Ron if you order 2 dozen I'll make it an even $30.00 and pay your shipping. That's about $10 off. I haven't finished stepping up the mold yet but I did make a slight change to the tabs that helps it stay on the chassis a little better. I'll more than likely put the bottom on it tomorrow sometime and make some for stock. Let me know either by PM or through my website.


----------



## Pete McKay (Dec 20, 2006)

The first 15 replacements for the summer sprinter series have been ordered, the first is one of my replacement for the Coke sponsored #3 that has been raced in the CCRA oval series this spring. From this head-on shot you can see how much lower the new car is.










The car fits the MT/XT chassis so the CCRA will use it on the that chassis. It also fits Tomy Turbo chassis which will make up the summer magnet chassis series for the Sequoia Racing boys, when we overlap the events all we have to do is replace our Eagles with this new car, no further mods are necessary other than adding an outlaw style top wing. The CCRA will permit both the taller Gold Cup car and the Evolution 1 Silver Crown car in this series.










Those of you wanting painted and cut Eagle bodies that have been pre-raced let me know and I'll be making them available in about two weeks once the guys trade them in for the Evolution 1's. Some of them have wear on the decals (especially mine) but the paint is pretty much intact on all of them.


----------



## Bill Hall (Jan 6, 2007)

Cool Pete, 

That pup is lower than a vacuum cleaner.

Love the new "hoover" look!


----------



## Pete McKay (Dec 20, 2006)

It sits lower on the XT chassis than the Turbo chassis. I've been doing some testing tonight without a wing. I need to make a couple of wings for the CCRA guys to tech so I can do more testing with them on. Interesting that the nose decal on my sprinter is shattered just like my Eagles is...just don't spin in front of me or else. 

BTW Ron, I just noticed the sponsor on this one, if you want it I'll sell it to you for $10 plus $2 shipping. That's my going rate for painted/cut and unraced. I can do another #3 car with no problem. I'm fairly certain I'm not going to be running the #1 plate in the summer series.


----------



## coach61 (Sep 6, 2004)

Pete, I ain't never seen Lexan look so good awesome work!


Coach


----------



## Pete McKay (Dec 20, 2006)

Lap times between the Evolution 1 and the Eagle are the same, at least without the wing. The CCRA won't be running nose wings either which is fine with me. I almost molded a nose win in ala Zig style, good thing I didn't.


----------



## videojimmy (Jan 12, 2006)

Hey Pete, nice stuff but I was wonderin'... it looks like you cut the lexan with scissors and the wheel wells aren't that sharp.

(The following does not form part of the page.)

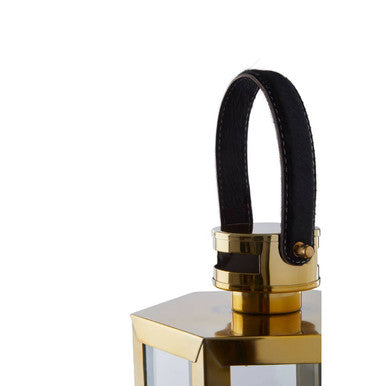 Herber Small Gold Finish Lantern with Hair on Leather Handle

Have you ever tried using a dremmel to sand down the wells with? I use that all that time on my lexans and all the lines come out perfectly straight and even.

No offense, your bodies look good, just a thought though.


----------



## Pete McKay (Dec 20, 2006)

Scissors? I used tin snips, dull ones too. 

I tend to get carried away with my dremel. I have cut circular areas out for the wheels before but this car is cut for both the Tomy and XT chassis, hence the more open areas that have been chopped. I admit to being a hack, but they still go fast.


----------



## Martin Simone (Feb 21, 2007)

Hey guys got a call a little bit ago. Pete was in an accident with his Mustang this afternoon, his wife says he got hit from behind and shoved into and partially under a delivery truck. Right now all they know is he broke both his ankles and has other feet and knee injuries. I talked to her about half an hour ago and they're going to do surgery on one foot to repair a bleeder. I assume it's to the foot he just had the surgery done to about a month and a half ago but not sure.

If any of you have orders for bodies pending with him email me at [email protected] and I'll see what I can do about getting them out to you. He may be down a while and you shouldn't have to wait, and it may be a few days before I get in to see him to find out what he's doing.


----------



## Martin Simone (Feb 21, 2007)

This morning I went down to FCH and visited the big guy. He broke both of his heal bones and some smaller bones in each foot. He also dislocated his left knee. The Roush Mustang convertibles don't have the X brace that previous year Fox body cars do and the unibody folded trapping both feet under the dash. He also has a borken nose from the airbag but somehow it looks better that way. He'll get out in the morning and should be back online by the weekend.


----------



## Dunk21 (Mar 23, 2007)

get well soon pete


----------



## roadrner (Jul 21, 1999)

Definitely some neat looking plastic! Great way to mount them on an AFX style chassis. :thumbsup: :thumbsup: rr


----------



## WesJY (Mar 4, 2004)

damn.... get well soon man!!

Wes


----------



## micyou03 (Apr 8, 2003)

Get well Pete.


----------



## Bill Hall (Jan 6, 2007)

Gawd Pete, two busted wheels, a mashed grill (darn airbags anyway), probably gonna have the ole Lone Ranger dual blackeyes to boot.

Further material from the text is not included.